Derivation of Call Delta from Black Scholes Model

Question

How is call delta mathematically derived from Black Scholes Model (without approximation) ? Please help me understand each step mathematically. And how it is approximated to say that delta is the probability of option expiring in the money?

Answer 1

Here's a mathematical derivation of the Black-Scholes delta.

The call option price under the BS model is $$ C = S_0 N(d_1) - e^{-rT} K N(d_2) \quad\text{with}\quad d_{1,2} = \frac{\log(S_0\,e^{rT}/K)}{\sigma\sqrt{T}} \pm \frac12 \sigma\sqrt{T}, $$ where $N(x)$ is the CDF of standard normal.

Using the properties, $$ \frac{\partial d_1}{\partial S_0} = \frac{\partial d_2}{\partial S_0} = \frac{1}{S_0\sigma\sqrt{T}} $$ and \begin{gather*} d_1^2 - d_2^2 = (A+B)^2 - (A-B)^2 = 4AB = 2\log(S_0\,e^{rT}/K)\\ \quad\text{where}\quad A = \frac{\log(S_0\,e^{rT}/K)}{\sigma\sqrt{T}} \quad\text{and}\quad B = \frac{\sigma\sqrt{T}}{2}, \end{gather*} we differentiate $C$ with resect to the spot price $S_0$: \begin{align*} D &= \frac{\partial C}{\partial S_0} = \frac{\partial}{\partial S_0}\left( S_0 N(d_1) - e^{-rT} K N(d_2) \right) \\ &= N(d_1) + S_0 n(d_1) \frac{\partial d_1}{\partial S_0} - e^{-rT} K n(d_2) \frac{\partial d_2}{\partial S_0} \\ &= N(d_1) + \frac{n(d_1)}{\sigma\sqrt{T}} \left( 1 - e^{(d_1^2-d_2^2)/2}\frac{K}{S_0e^{rT}} \right) \\ &= N(d_1) + \frac{n(d_1)}{\sigma\sqrt{T}} \left( 1 - \frac{S_0e^{rT}}{K}\cdot\frac{K}{S_0e^{rT}} \right) = N(d_1). \end{align*}

Answer 2

Look here for a detailed derivation of the formula for $\Delta$ (be aware that this particular website uses $r_d$ to denote the risk-free rate and $r_f$ to denote the dividend yield).

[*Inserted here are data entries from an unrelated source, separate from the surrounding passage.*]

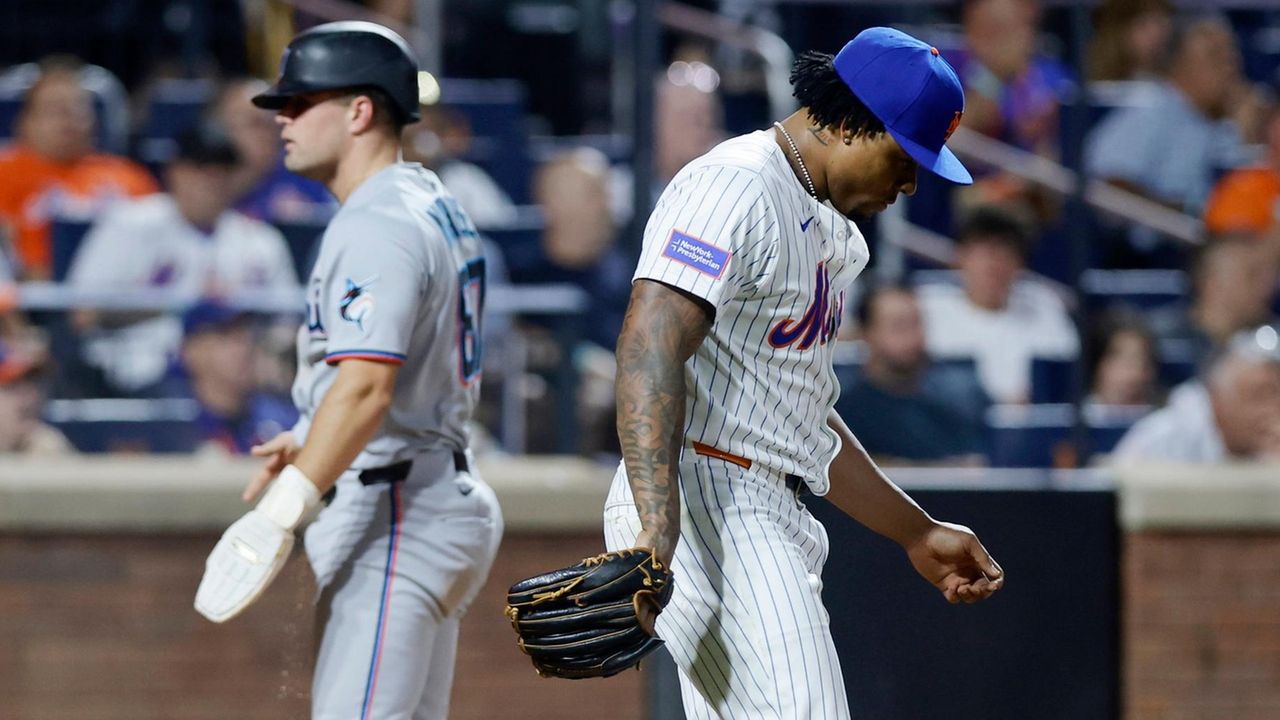 Mets make three errors in loss to Marlins, give game back to Phillies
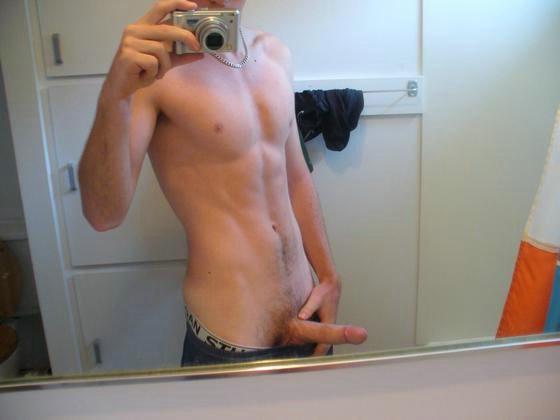 15P Pics of tnaked een amateurs self-shooting
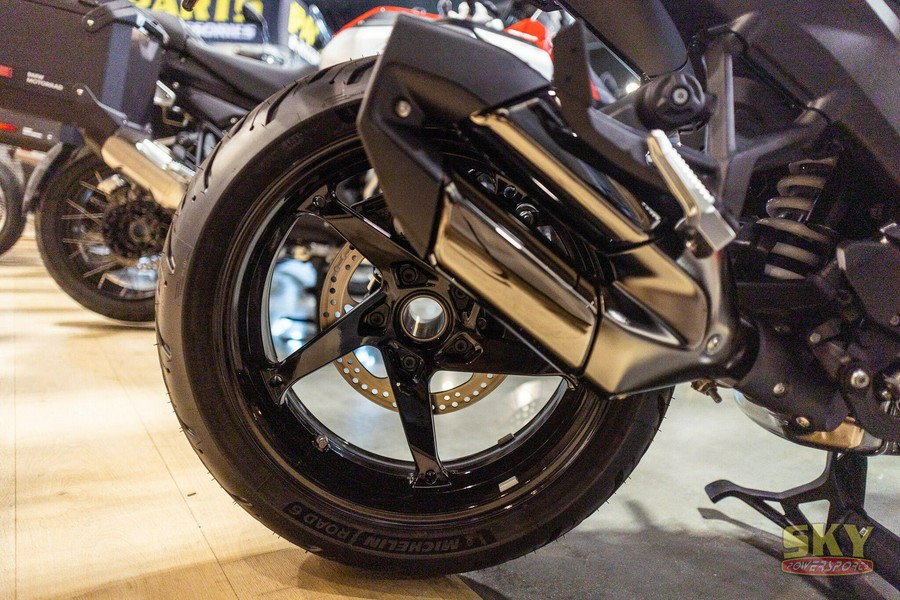 2026 BMW R 1300 RS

You can always ask for more specific help regarding a particular step in the derivation.

It is easy to see that $\mathbb{Q}[\{S_T\geq K\}]= \Phi(d_2)$. Just replace $S_T=S_0\exp\left(\left( r-q-\frac{1}{2}\sigma^2\right)T +\sigma\sqrt{T}Z\right)$ where $Z\sim N(0,1)$ and isolate $Z$ on the left-hand side. This is the risk-neutral probability of expiring ITM. Note that $\Delta=\Phi(d_1)=\Phi(d_2+\sigma\sqrt{T})\approx \Phi(d_2)$. This is since $\sigma\sqrt{T}$ is typically very small.